Definition 9 (SSGA lineage)

Let x be any individual that was added to the population by mutating an individual y. Then individual y is called the parent of individual x. Let \(z=\alpha_1\cdot \beta_2\) be any individual that was added to the population by crossover between two individuals \(x = \alpha_1\cdot\alpha_2\) and \(y = \beta_1 \cdot \beta_2.\) If \(\alpha_1=\beta_1,\) then individual y is the parent of individual x, and if \(\alpha_1\neq \beta_1,\) then individual x is the parent of individual z.
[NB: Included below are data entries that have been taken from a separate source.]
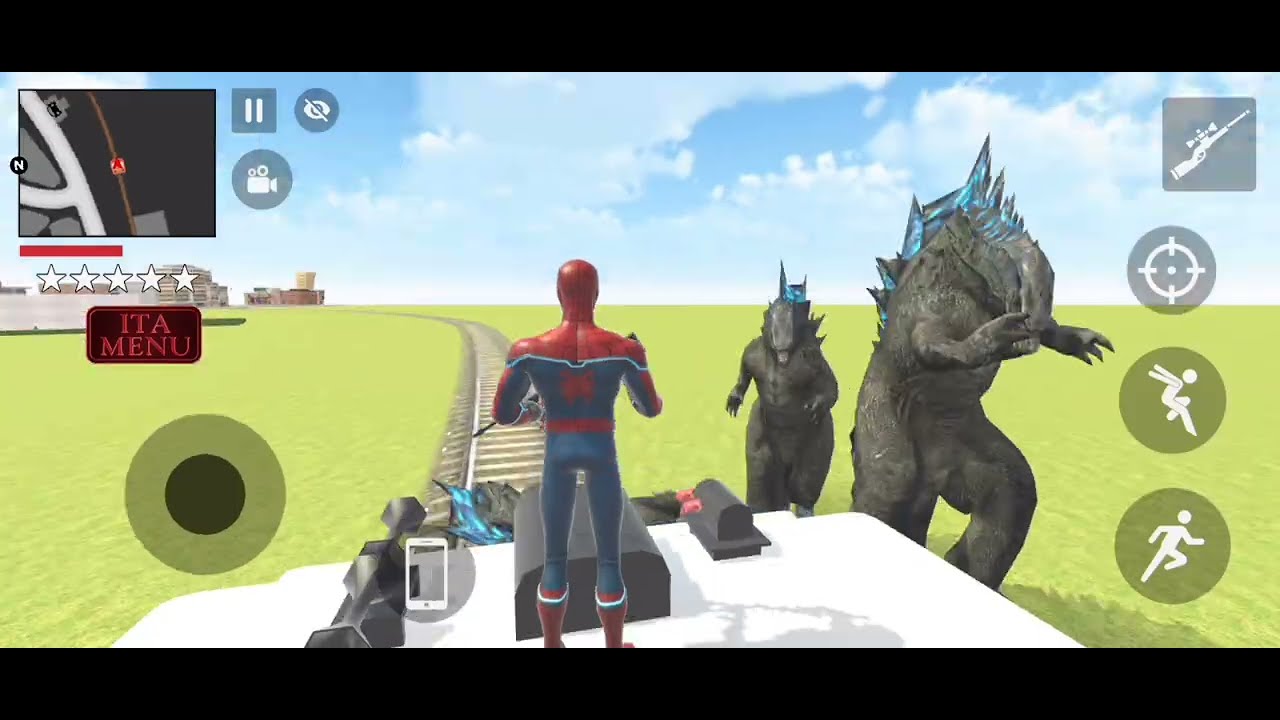 Spiderman and Indian police 🚓 purchasing 🤑🤑 car monsters 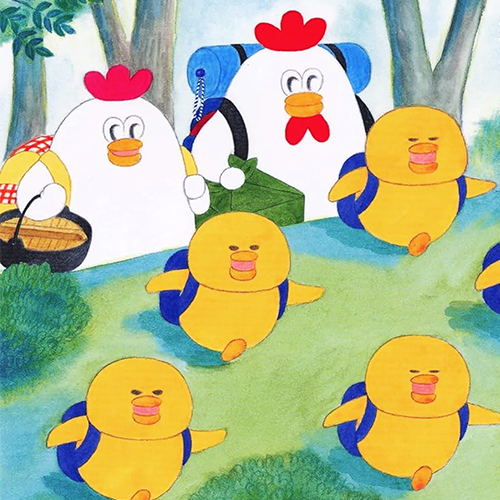 小雞小企鵝系列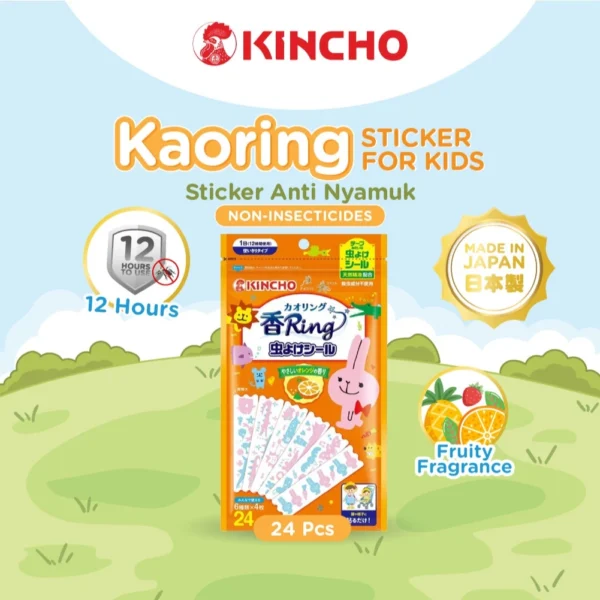 KINCHO Kaoring Sticker Label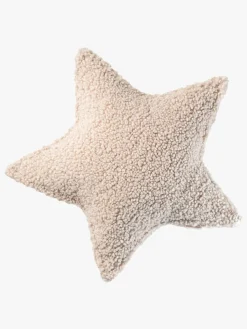 Børn Wigiwama Star Pude, Biscuit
The lineage of an individual in the population is the sequence of search point associated with the parent relations.

Definition 10 (TwoPathsprefix)

Let x be any search point where \(x_1=x_2=\cdots=x_i\) and \(x_i\neq x_{i+1}\) for an integer i where \(1\leq i\leq n.\) Then i is the prefix length of search point x, the substring \(x_1\cdots x_i\) is called the prefix of search point x, and the substring \(x_{i+1}\cdots x_n\) is called the suffix of search point x.

Lemma 3

Define the set\(A^* := (A\cup B)\setminus\left\{x^*\right\},\)where the set A is as in defined in Proposition 2 and the set B is defined as

$$ \begin{aligned} B := \left\{b^m\bar{b}\alpha0^{\epsilon n}\beta \right.& \mid b\in\left\{0,1\right\},\\ & \alpha,\beta\in\left\{0,1\right\}^*, \hbox{ and}\\ & \left.\ell(\alpha)+\ell(\beta)=n-m-1-\epsilon n \right\}.\\ \end{aligned} $$

Let i be an integer\(1\leq i\leq n.\)Let x be a search point with prefix length strictly shorter than i and which is not member of set\(A^*.\)Let y be another search point with prefix length at least i. Let\(x^{\prime}\)be the descendant from x, and\(y^{\prime}\)the descendant from y in any crossover between x and y. If\((\mu+1)\)SSGA onTwoPathsaccepted the crossover products\(x^{\prime}\)and\(y^{\prime},\)then\(x_i=x_i^{\prime}.\)

Proof

The proof is by contradiction, assuming that \(x_i\neq x_i^{\prime}\) and that the crossover products were accepted. Assume in addition that the crossover point occurred in position k. The lemma trivially holds if \(i<k.\) So let us assume that \(i\geq k.\) Defining \(j:=i-k,\) the crossover products can be written as

$$ \begin{aligned} y^{\prime} &= y_1\cdots y_1\quad\quad \cdot \overline{y_1}\cdot x_{k+j+1}\cdots x_n,\quad\hbox{and}\\ x^{\prime} &= x_1\cdots x_{k+j-1} \cdot y_1 \cdot y_{k+j+1}\cdots y_n.\\ \end{aligned} $$

The conditions of the lemma imply that \(f(y)\geq k+j.\) The lemma will be proved by showing that both \(f(y^{\prime})<f(y)\) and \(f(x^{\prime})<f(y)\) hold, which contradicts that the crossover products were accepted.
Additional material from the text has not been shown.